§ SUPPLIED MATERIAL
'''
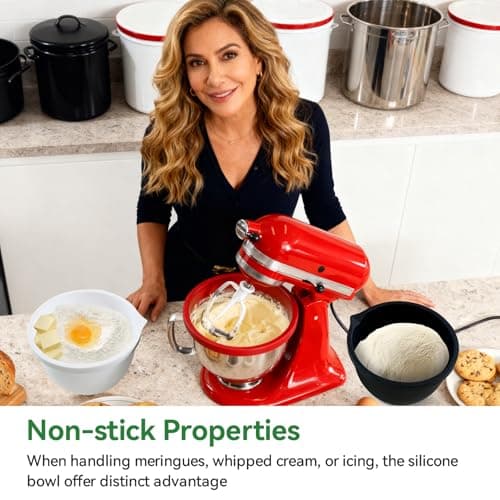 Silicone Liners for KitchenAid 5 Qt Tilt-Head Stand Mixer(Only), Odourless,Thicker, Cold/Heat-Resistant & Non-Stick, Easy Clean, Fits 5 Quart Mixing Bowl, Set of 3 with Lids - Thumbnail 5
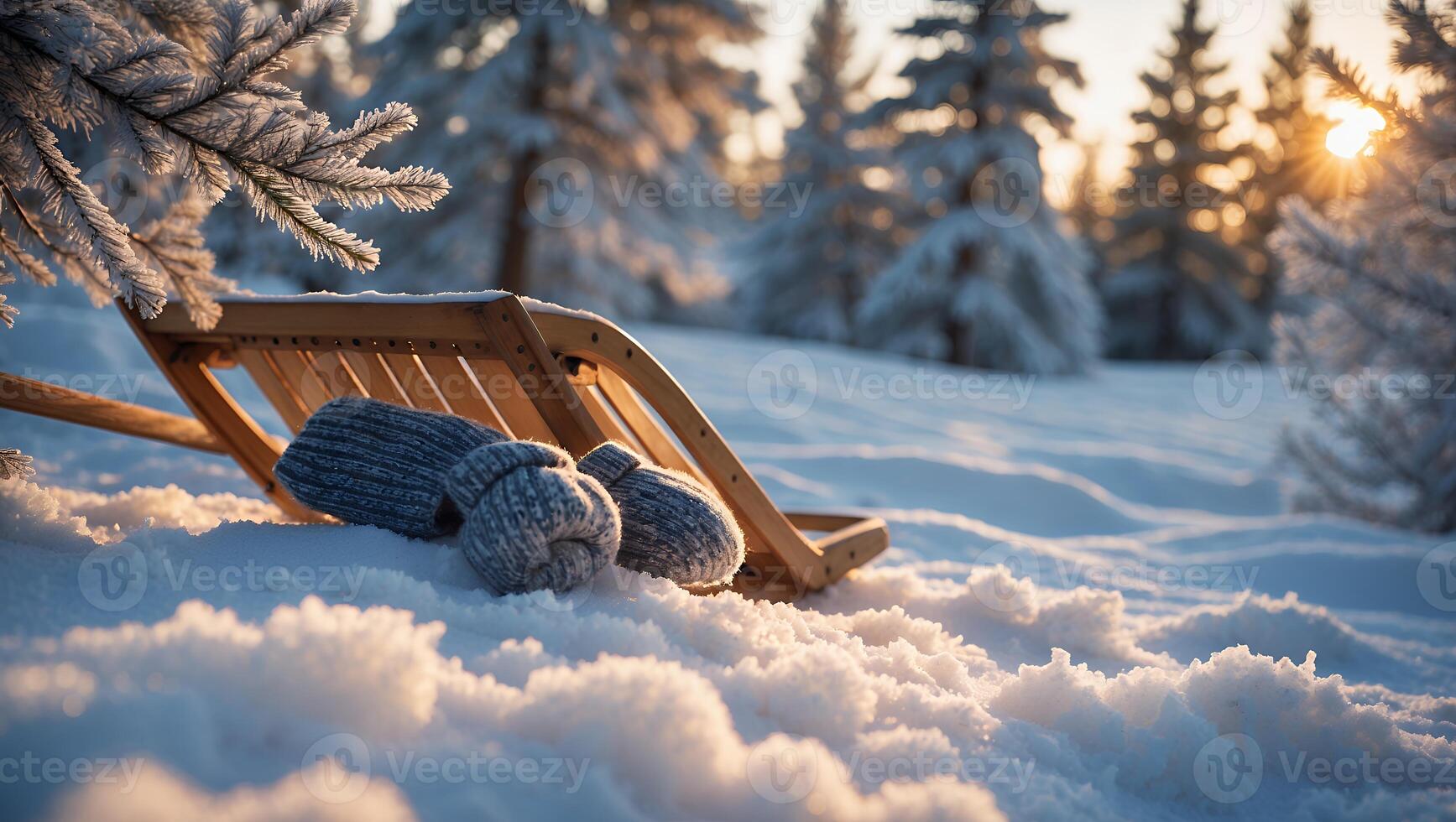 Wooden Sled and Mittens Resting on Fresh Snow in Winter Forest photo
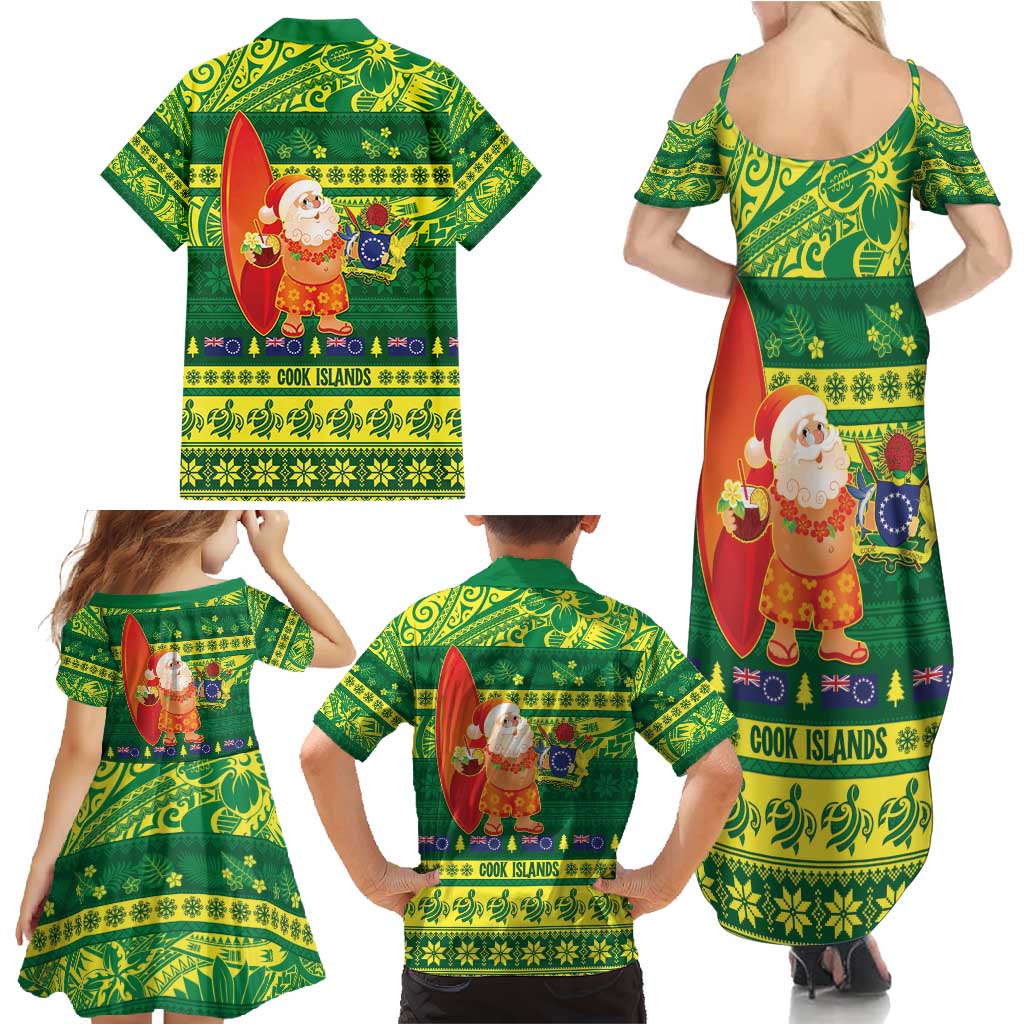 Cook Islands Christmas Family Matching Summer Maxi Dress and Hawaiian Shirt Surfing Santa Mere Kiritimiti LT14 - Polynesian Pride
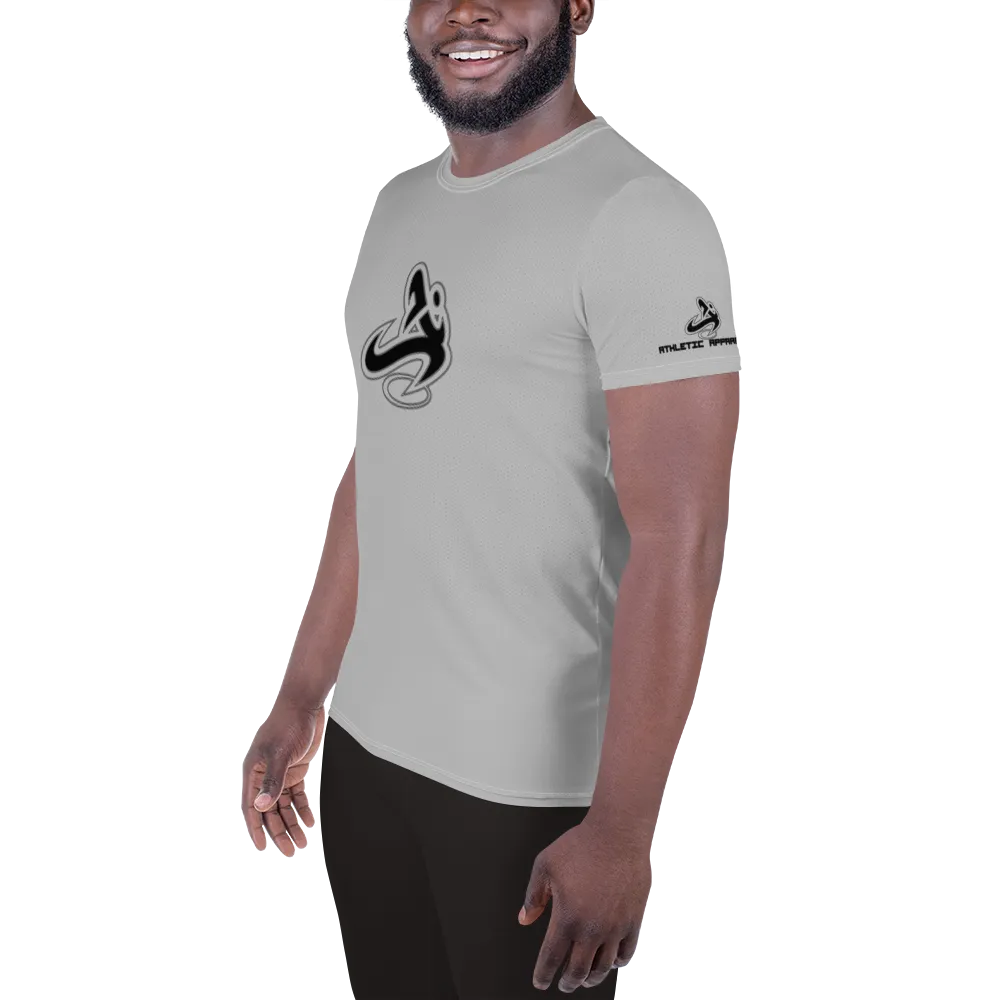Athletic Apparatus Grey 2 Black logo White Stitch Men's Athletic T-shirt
'''
§ TASK PROMPT
The expected output is the whole listing, word for word, minus its pictures.

§ ANSWER FOR THE TASK
 Silicone Liners for KitchenAid 5 Qt Tilt-Head Stand Mixer(Only), Odourless,Thicker, Cold/Heat-Resistant & Non-Stick, Easy Clean, Fits 5 Quart Mixing Bowl, Set of 3 with Lids - Thumbnail 5
 Wooden Sled and Mittens Resting on Fresh Snow in Winter Forest photo
 Cook Islands Christmas Family Matching Summer Maxi Dress and Hawaiian Shirt Surfing Santa Mere Kiritimiti LT14 - Polynesian Pride
Athletic Apparatus Grey 2 Black logo White Stitch Men's Athletic T-shirt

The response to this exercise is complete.